What do you learn from context? Probing for sentence structure in contextualized word representations

Patrick Xia
Berlin Chen
Alex Wang
Adam Poliak
R. Thomas McCoy
Najoung Kim
Benjamin Van Durme
Samuel R. Bowman
International Conference on Learning Representations(2019)


Contextualized representation models such as CoVe (McCann et al., 2017) and ELMo (Peters et al., 2018a) have recently achieved state-of-the-art results on a broad suite of downstream NLP tasks. Building on recent token-level probing work (Peters et al., 2018a; Blevins et al., 2018; Belinkov et al., 2017b; Shi et al., 2016), we introduce a broad suite of sub-sentence probing tasks derived from the traditional structured-prediction pipeline, including parsing, semantic role labeling, and coreference, and covering a range of syntactic, semantic, local, and long-range phenomena.
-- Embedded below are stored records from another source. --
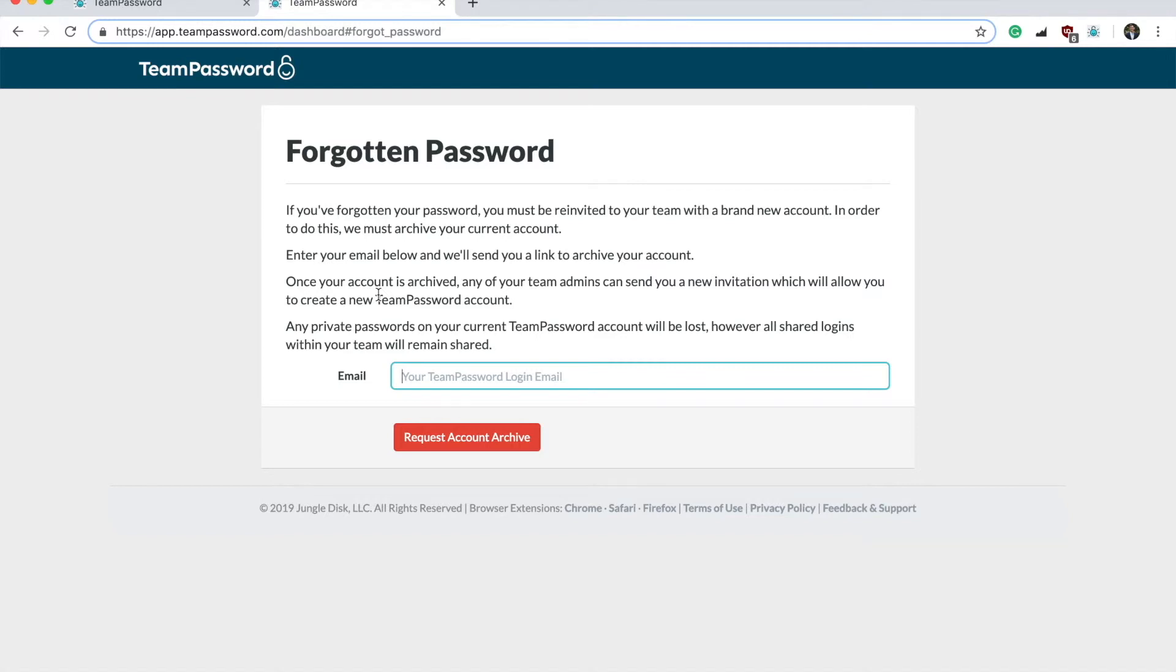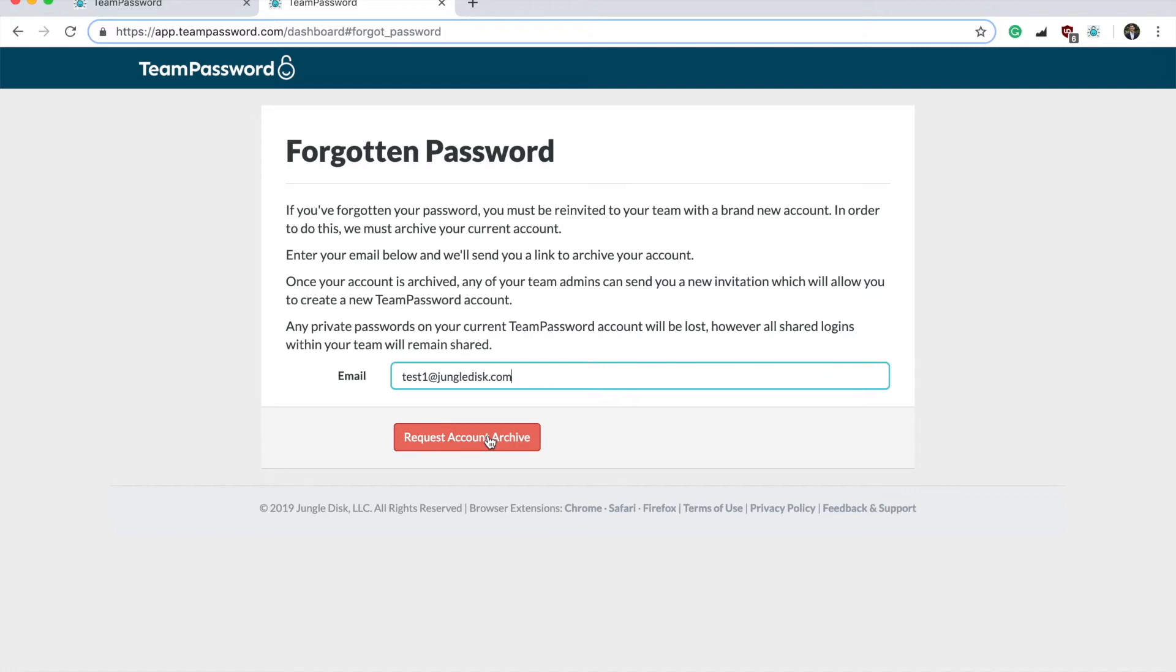So if you're sure you've forgotten your password and you need to reset it, go ahead and type in your email here. This is a test email. You're going to want to put in your own email and then click Request Account Archive.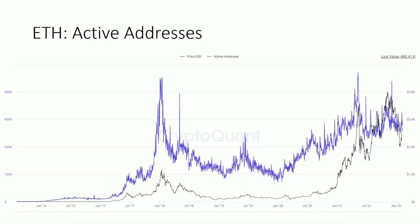Here is just an example of one particular metric from CryptoQuant, which is one of the data providers I use. They go to the chain, clean the data, and chart it for us, and then we can pull that data and do with it as we wish. This is showing active addresses on the Ethereum blockchain over time from January 2016 all the way to January 2022. The blue line represents active addresses — how many addresses are active at any one time. CryptoQuant has their own way of categorizing an active address, which they explain on their website so you have a good understanding of how they define it.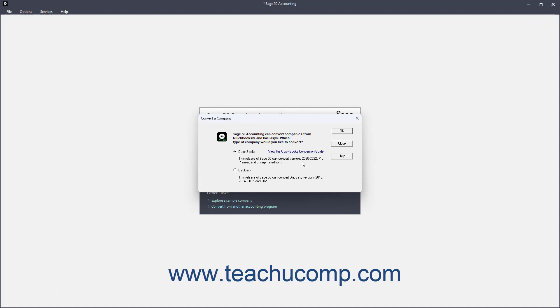Then select the type of company file you want to convert by clicking the corresponding option button for either QuickBooks or DAC-Easy. Then click the OK button to continue.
We use these tasks to examine the word-level contextual representations and investigate how they encode information about the structure of the sentence in which they appear. We probe three recently-released contextual encoder models, and find that ELMo better encodes linguistic structure at the word level than do other comparable models. We find that the existing models trained on language modeling and translation produce strong representations for syntactic phenomena, but only offer small improvements on semantic tasks over a non-contextual baseline.